Took over 30 posts for someone to point that out. The very first compromise to be achieved would have to be indeed, what is “working well”?? Are we being *process-*oriented or *goal-*oriented, and then who decides what is the better process AND the better goal, and what happens if they don’t sync well with each other?

I think there are things in most systems of government that could do with a tweak, but it’s difficult to tweak things in ways that actually improve things and don’t have unintended consequences.

I also think that it’s wrong to think of “a government that works well” in isolation. The US isn’t suffering a crisis of government, it’s suffering a crisis of society and good government is a casualty as well as a tool in the struggle.

There are issues with right wing and populist movements in other western democracies as well, and the reason many of them are doing better isn’t that their systems of government were inherently better, it’s that their societies had less issues for the right wing and populists to build off of (not none, but less).

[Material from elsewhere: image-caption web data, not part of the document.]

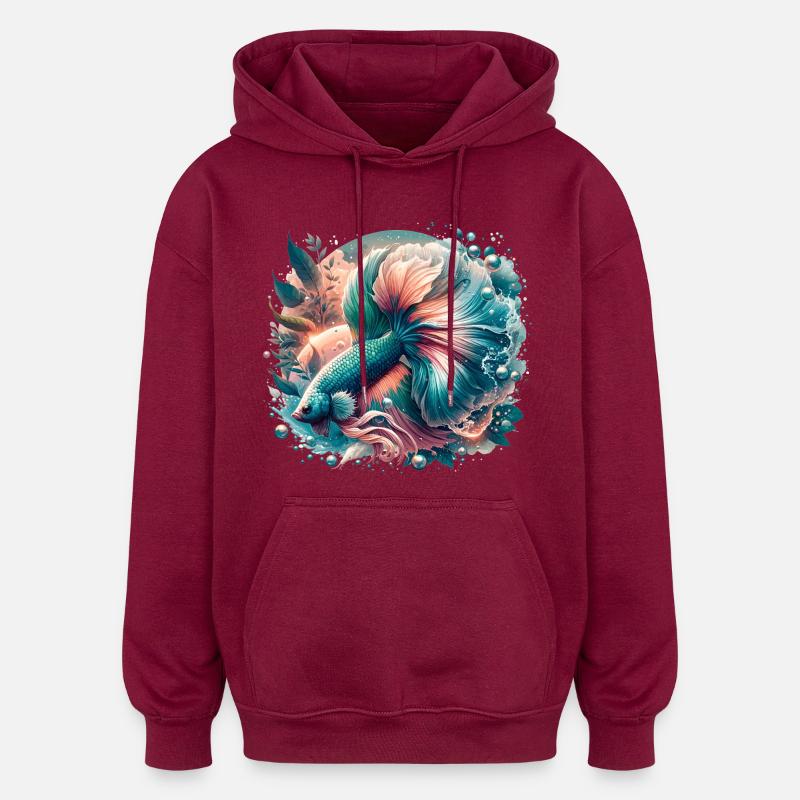 Kampffisch, Betta splendens, bunter Fisch - Oversized Unisex Hoodie - Burgunderrot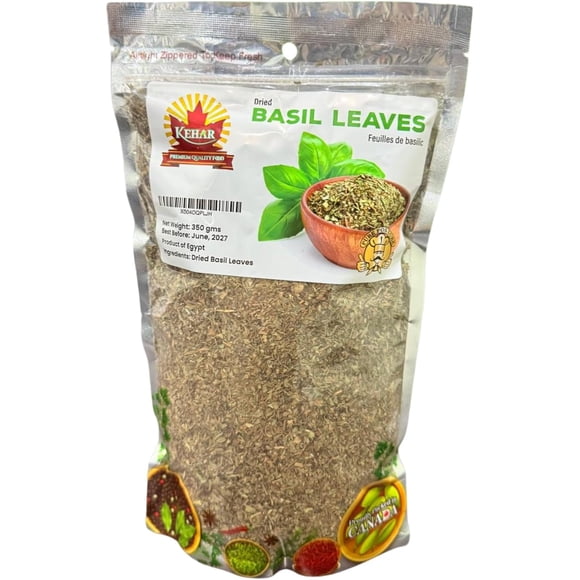 Kehar Dried Basil Leaves 350g (12.35 oz) – Flavorful Sweet & Spicy Herb for Cooking, Pasta, Pizza, Salads, Tea & Mediterranean Dishes, Culinary-Grade Basil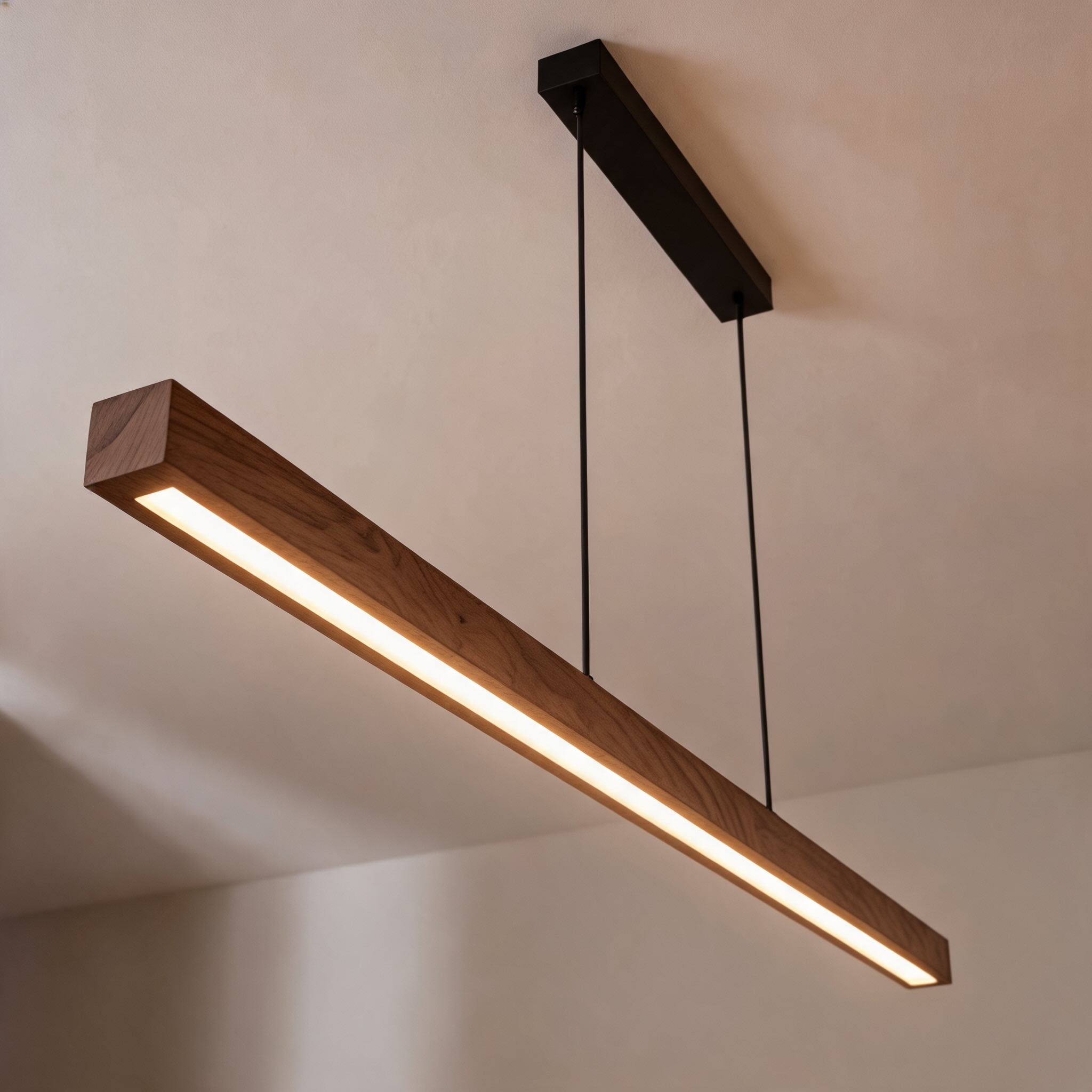 Pine & Black Walnut Energy-Efficient LED Pendant Light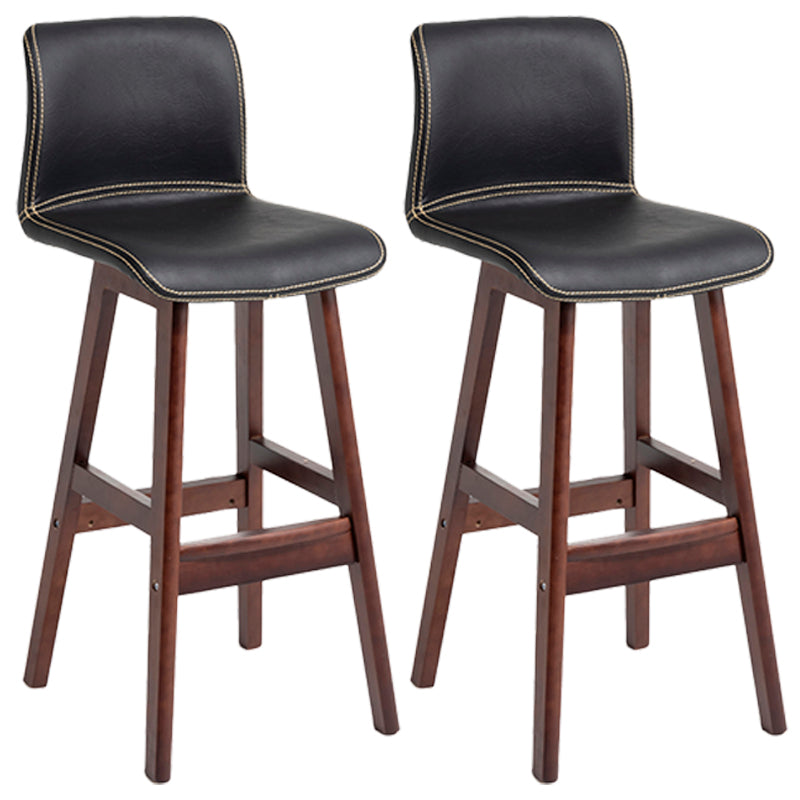 Scandinavian Style Bar-stool Square Leather Seat Counter Chair for Kitchen Bar Black Brown 2 Piece Set Clearhalo 'Bar Furniture' 'Bar Stools' 'bar_stools' 'furn' 'furn_bar_stools' 'furniture_bar_stools' 'Kitchen & Dining Furniture' 'kitchen&dining_furn' 'kitchen' 'kitchen_furn' Furniture' 4321824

I wouldn’t say “honesty test” per se, but it would probably be beneficial if there were some consequences for knowingly lying.

Note that this sidesteps the issue of “who gets to decide what is true or not?”. Because it is not whether a statement is true. That’s virtually irrelevant. It’s about on what basis did you make that statement?

If we can have campaign finance laws, I don’t see why willful lying laws are impossible. In both cases you make laws limiting what politicians can do and have a independent judiciary that must evaluate when the law has been broken.

Dollars and cents are a lot more objective than disputed statements.

IMHO a big part of it is that voters on the right don’t care if their politicians tell certain types of lies. Let’s say a Republican official says “I’m not racist” but then evidence comes up that they have said racist things, or maybe they vote to enact legislation that is racist. Their voters wouldn’t care. The same thing happens when they say something to the effect of “I believe the working class / middle class pay too much in taxes”, and then they proceed to cut taxes on the wealthy and raise taxes on the middle class. Those voters don’t care that they were lied to, they’ll vote to re-elect those politicians anyway.

Or: if you like your healthcare plan, you can keep it.

But for Republican opposition to all things good & sane, that would have remained true. It was part of the D plan at that time.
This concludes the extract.